___ DATA EXCERPTS ___

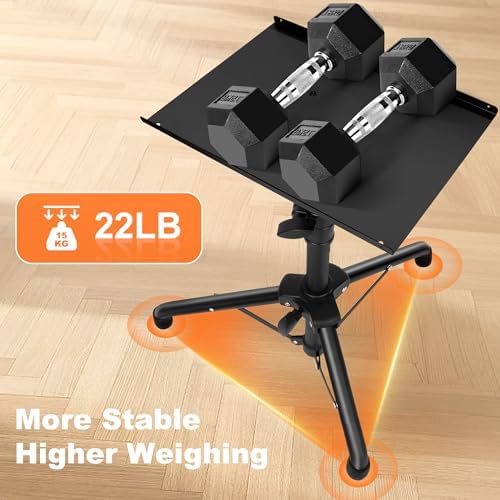 GrowDaily Projector Stand,Projector Laptop Stand Tripod Laptop Tripod Stand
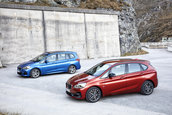 BMW Seria 2 Active Tourer si Gran Tourer facelift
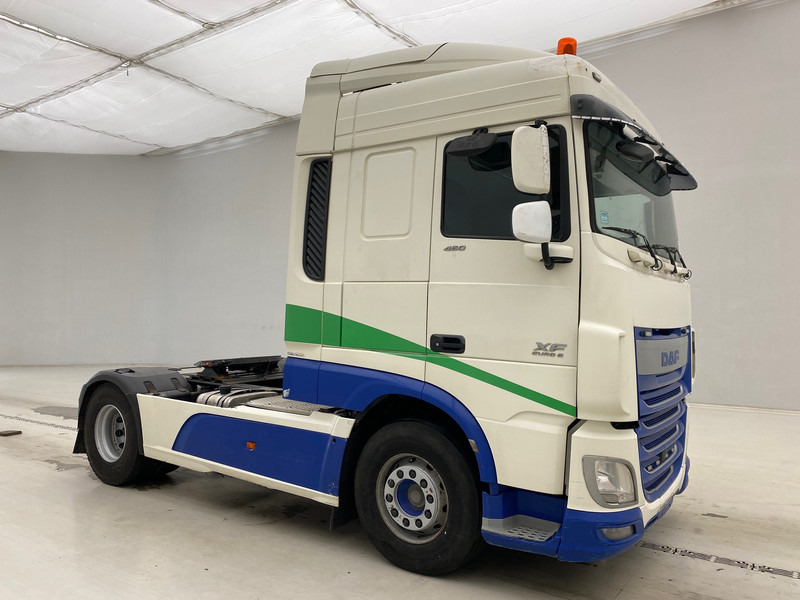 DAF XF 460 Space Cab - Tracteur routier: photos 3 DAF XF 460 Space Cab - Tracteur routier: photos 3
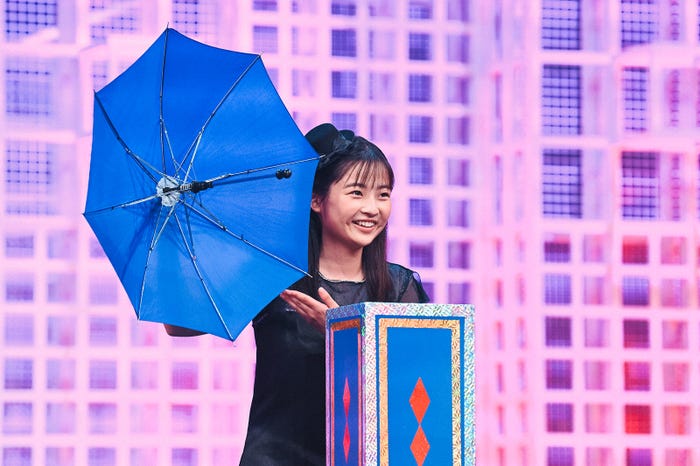 大平くるみ(C)TBS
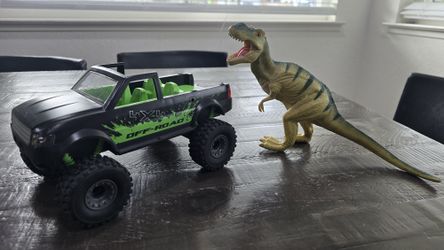 Playmobil Heavy Duty Truck w/ Rubber Wheels Germany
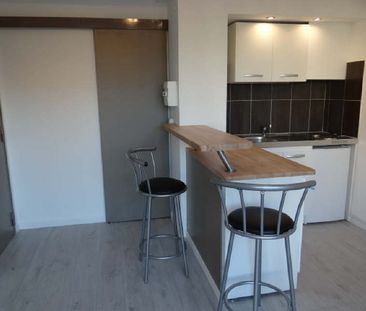 Location appartement, 1 pièce, surface 18m² - Photo 2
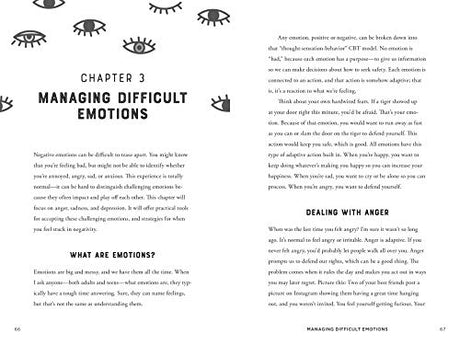 Anxiety Relief for Teens: Essential CBT Skills and Mindfulness Practices to Overcome Anxiety and Stress - Retail Maharaj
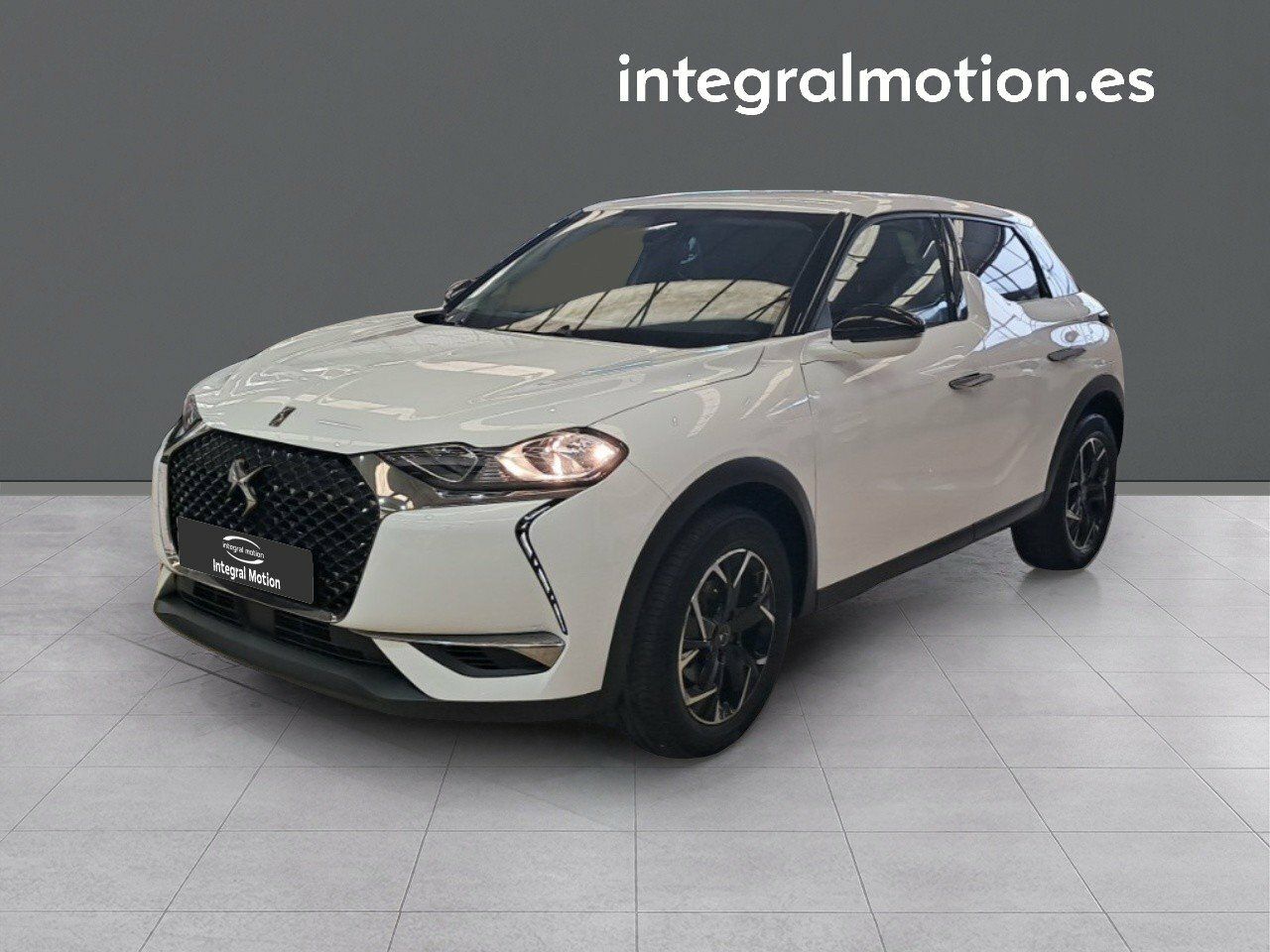 Foto DS Automobiles DS 3 1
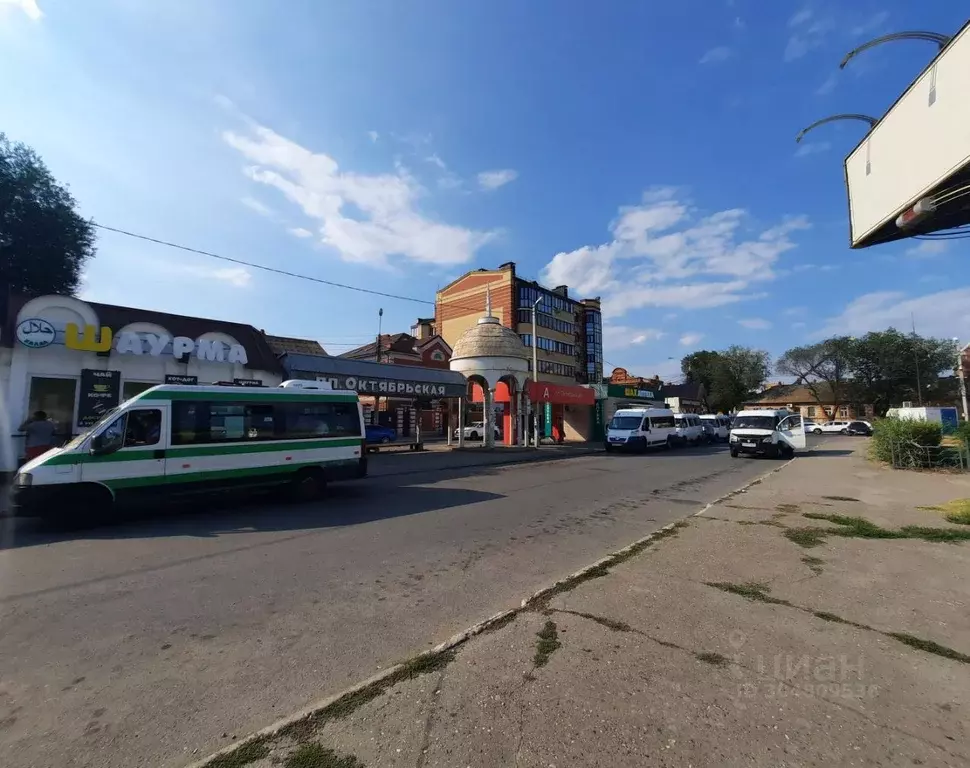 Участок в Астраханская область, Астрахань Адмиралтейская ул. (0.08 ... - Фото 1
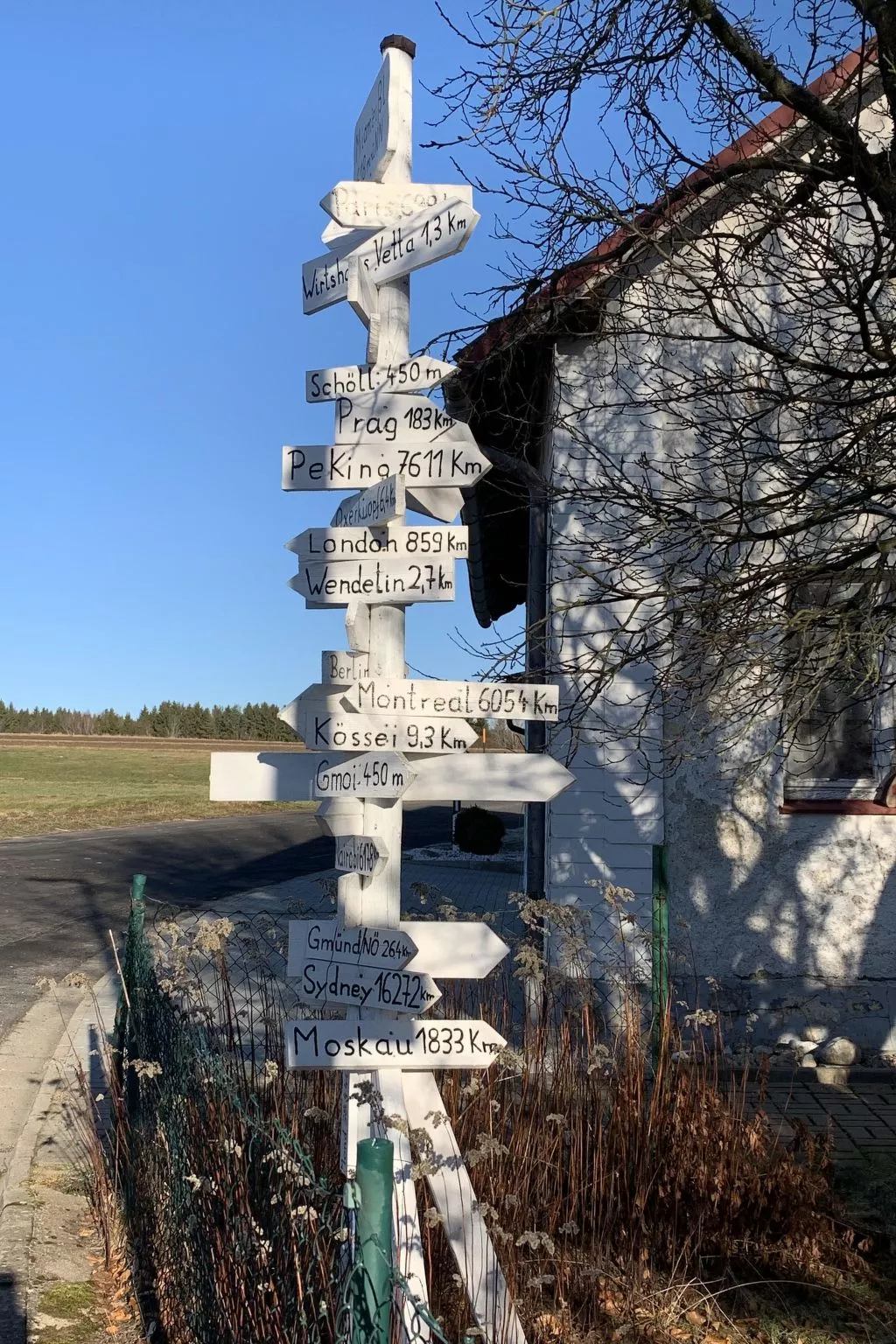 Fichtelzauber mit Sauna-Dehors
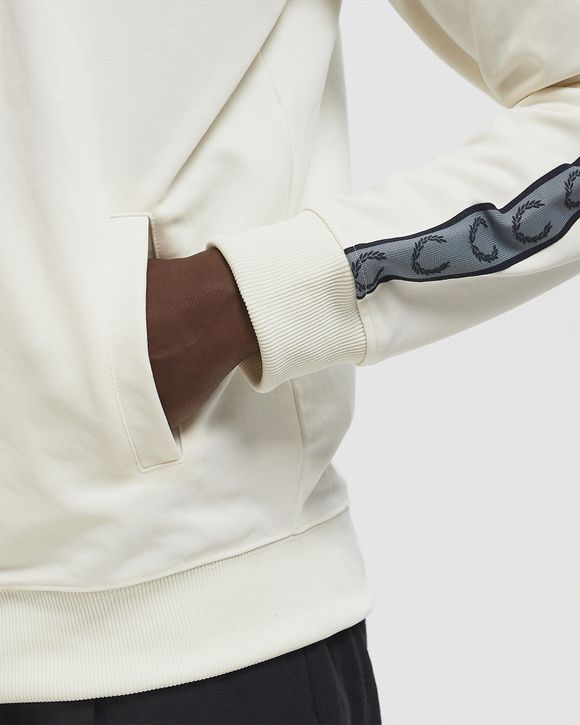 CONTRAST TAPE TRACK JACKET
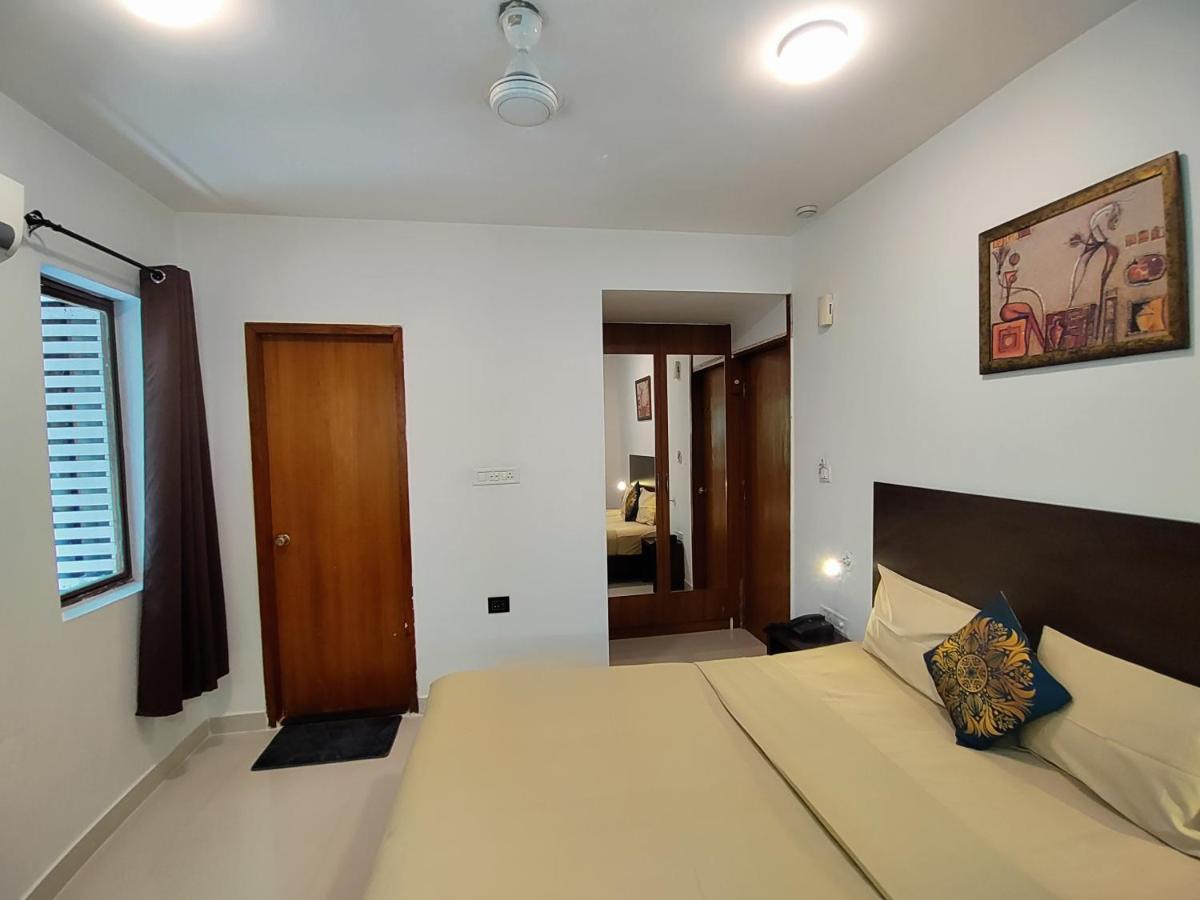 The Royal Living I Indiranagar Hotel Bangalore Buitenkant foto
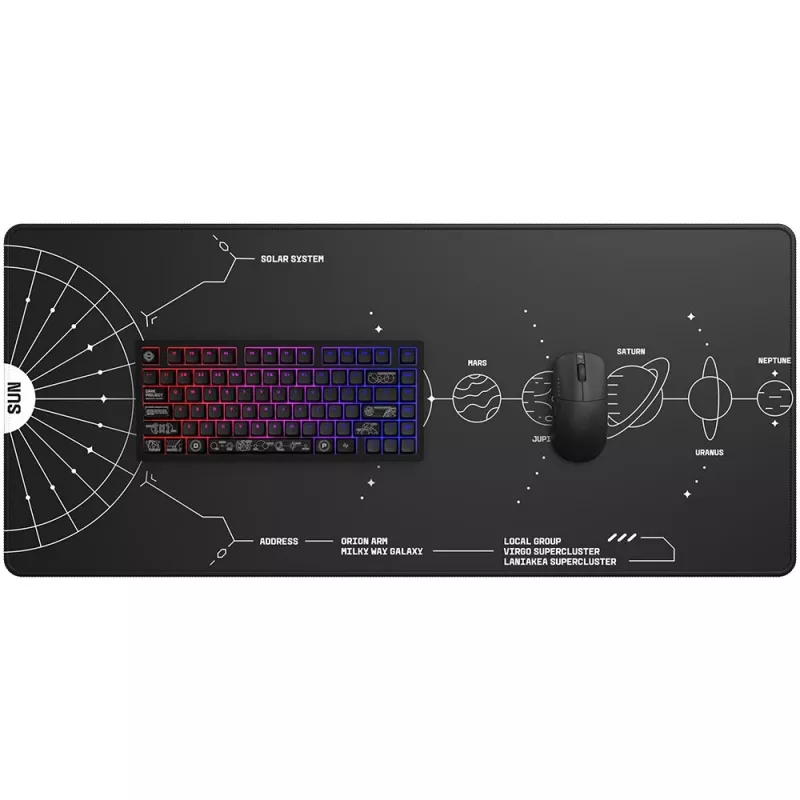 Moonstone Switch ALU81A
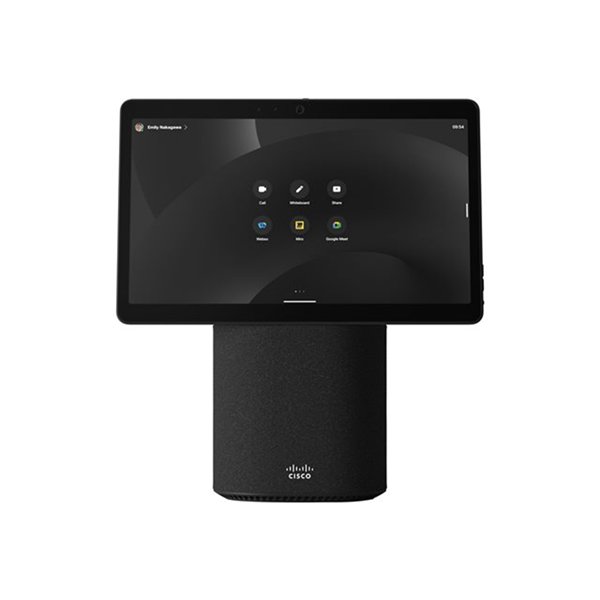 Cisco Webex Desk Mini - Carbon Black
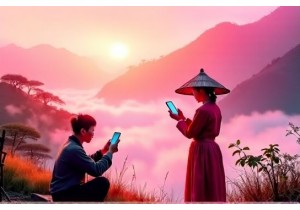 regional culture on kuaishou platform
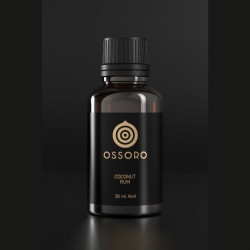 Coconut Rum Food Flavour (30 ml) - Ossoro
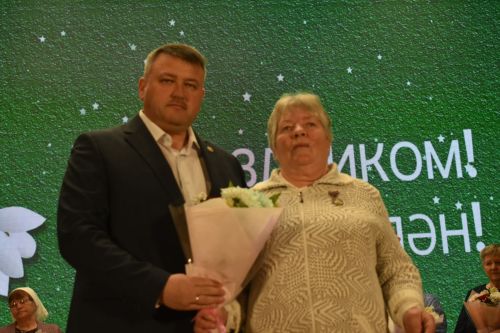 Глава района встретился с матерями защитников страны в специальной военной операции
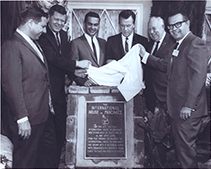 Ihop History 1958
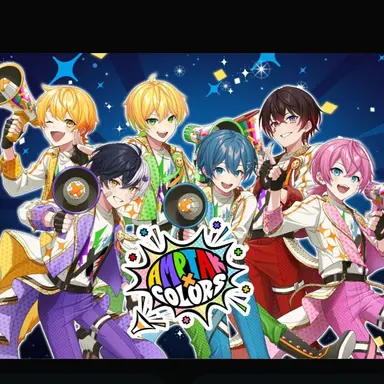 Profile image of AMPTAKxCOLORS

___

_WHAT IS NEEDED_
Word for word, set down the lines from the line with "Location appartement, 1" through the last line of the entries, and nothing else; the pictures stay out.

_RESPONSE TO THE EXERCISE_
 Location appartement, 1 pièce, surface 18m² - Photo 2
 Anxiety Relief for Teens: Essential CBT Skills and Mindfulness Practices to Overcome Anxiety and Stress - Retail Maharaj
 Foto DS Automobiles DS 3 1
 Участок в Астраханская область, Астрахань Адмиралтейская ул. (0.08 ... - Фото 1
 Fichtelzauber mit Sauna-Dehors
 CONTRAST TAPE TRACK JACKET
 The Royal Living I Indiranagar Hotel Bangalore Buitenkant foto
 Moonstone Switch ALU81A
 Cisco Webex Desk Mini - Carbon Black
 regional culture on kuaishou platform
 Coconut Rum Food Flavour (30 ml) - Ossoro
 Глава района встретился с матерями защитников страны в специальной военной операции
 Ihop History 1958
 Profile image of AMPTAKxCOLORS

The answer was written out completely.